Разговорные и отчасти просторечные варианты, имеющие наибольшую экспрессию, неизменно привлекают внимание художников слова: Ненавижу всяческую мертвечину, обожаю всяческую жизнь! (Маяк.); Там был приют суждений ярых о недалекой старине, о прежних выдумщиках-барах, об ихней пище и вине (Твард.).

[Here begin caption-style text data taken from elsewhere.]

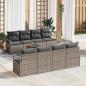 Preview: ARDEBO.de - 9-teiliges Garten Sofa Set mit Kissen Grau Poly Rattan Akazie, 2-Sitzer Garten Sofa mit Kissen Grau Poly Rattan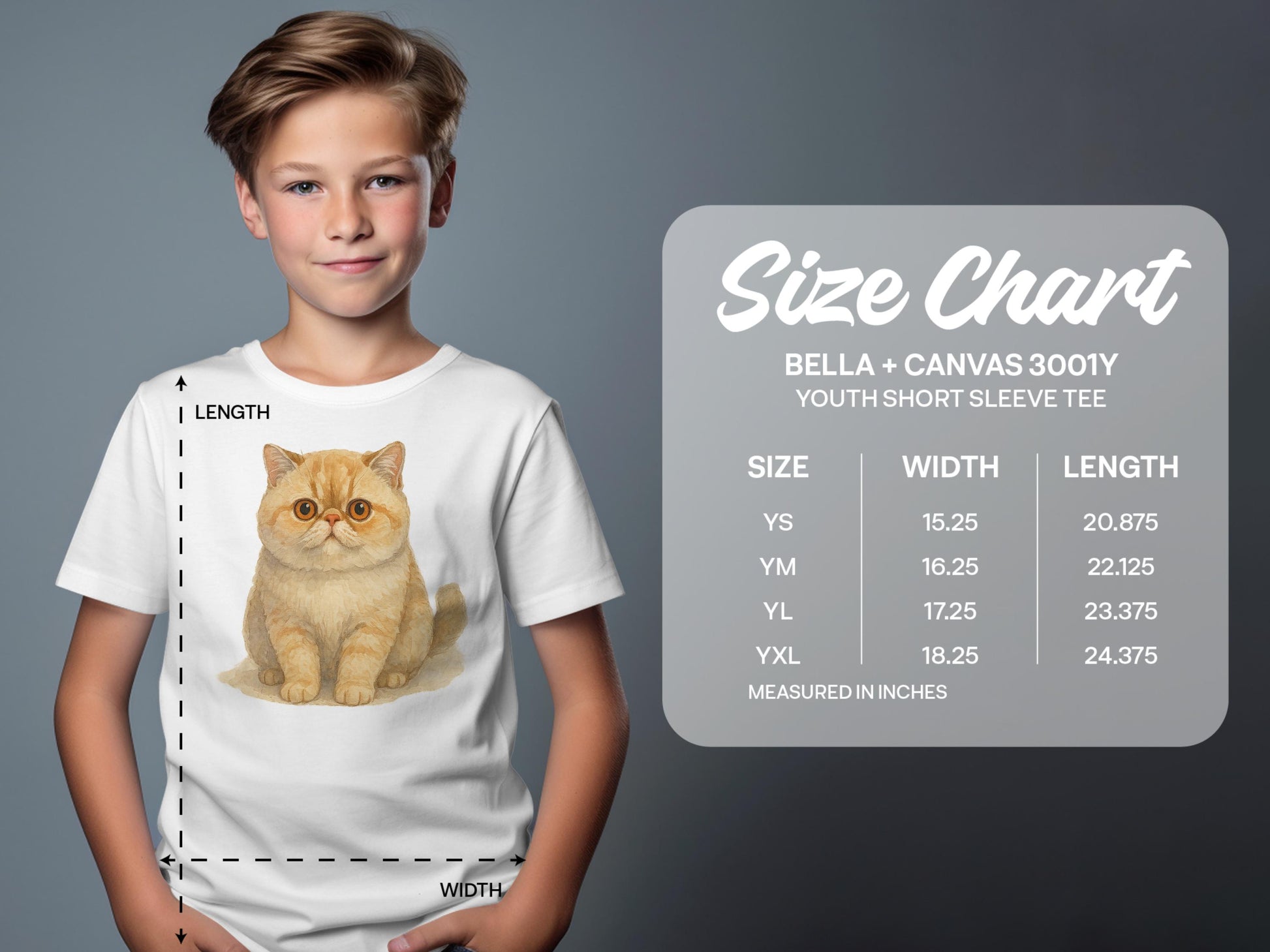 Youth Short Sleeve Tee with Cute Cat Illustration product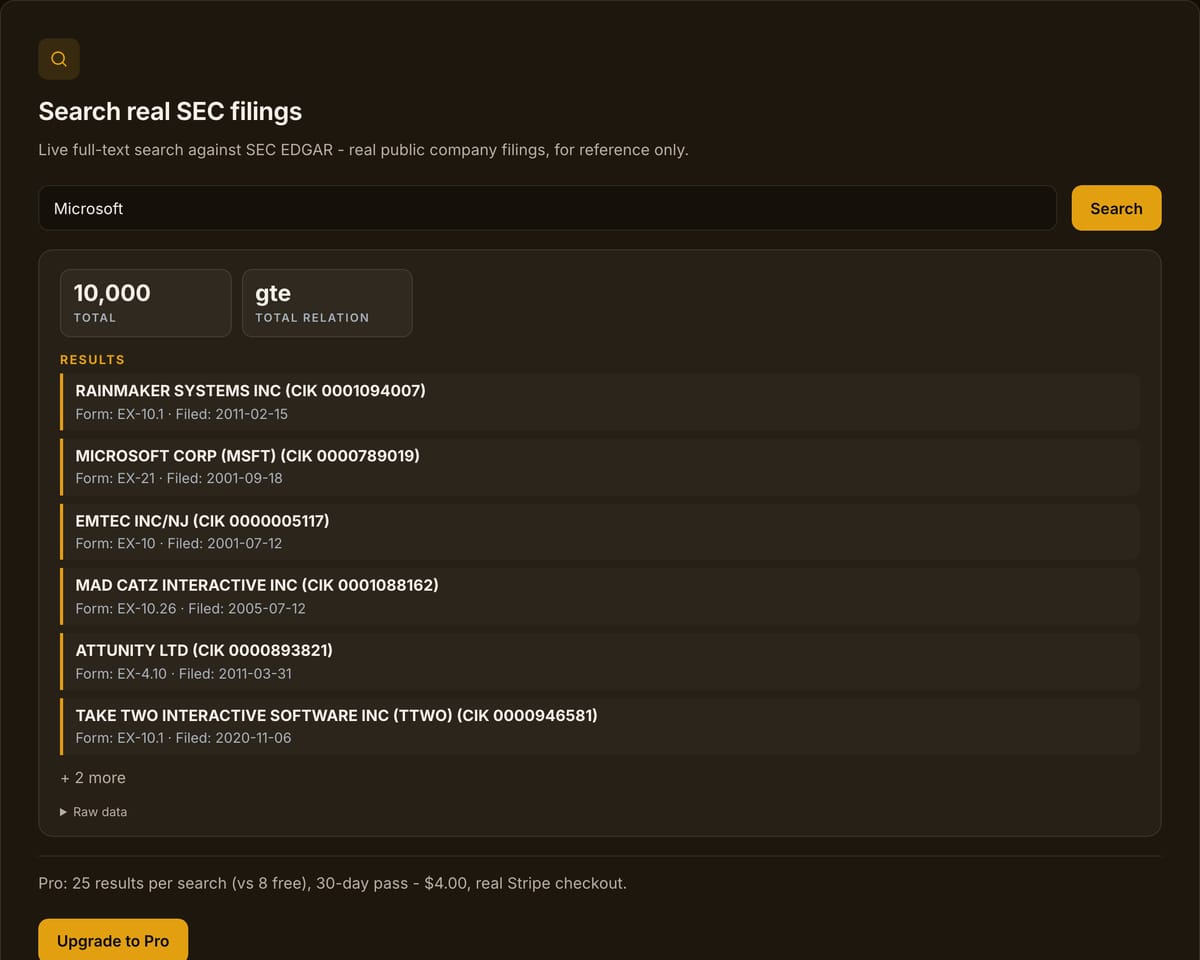 Search real SEC filings on ronhelms.cc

Некоторые варианты местоимений представляются грубым искажением литературной нормы: ентот, кажинный, евонный, ихний, составители словарей их не приводят даже с ограничительными пометами. Однако писатели не могут отказаться от употребления таких просторечных форм, настолько колоритны эти варианты местоимений как средство речевой характеристики: Ну, дядюшка, дядюшка, спасибо! Отец-покойник в ноги бы тебе поклонился, ежели бы с войны вернулся. Ведь он-то думал, сын евонный, сирота горемычная, под крылом у дяди, а меня ворона своим крылом больше грела, чем дядя... (Абр.)
Резко сниженные варианты местоимений выступают в художественной речи как своеобразные «стилистические сигналы» просторечия, и нередко достаточно одних этих «вкраплений», чтобы воссоздать народный говор: - А мы с Егором поедем, - сказала Настасья... - Может ничё... Егор, ключ куды? - В Ангару, - сплюнул Егор. - Давай сюды - прикрывая рот платком, чтоб не разрыдаться, Дарья взяла у нее ключ. - Мне тут рядом. Кажин день буду смотреть. Ты об этим не думай (Расп.).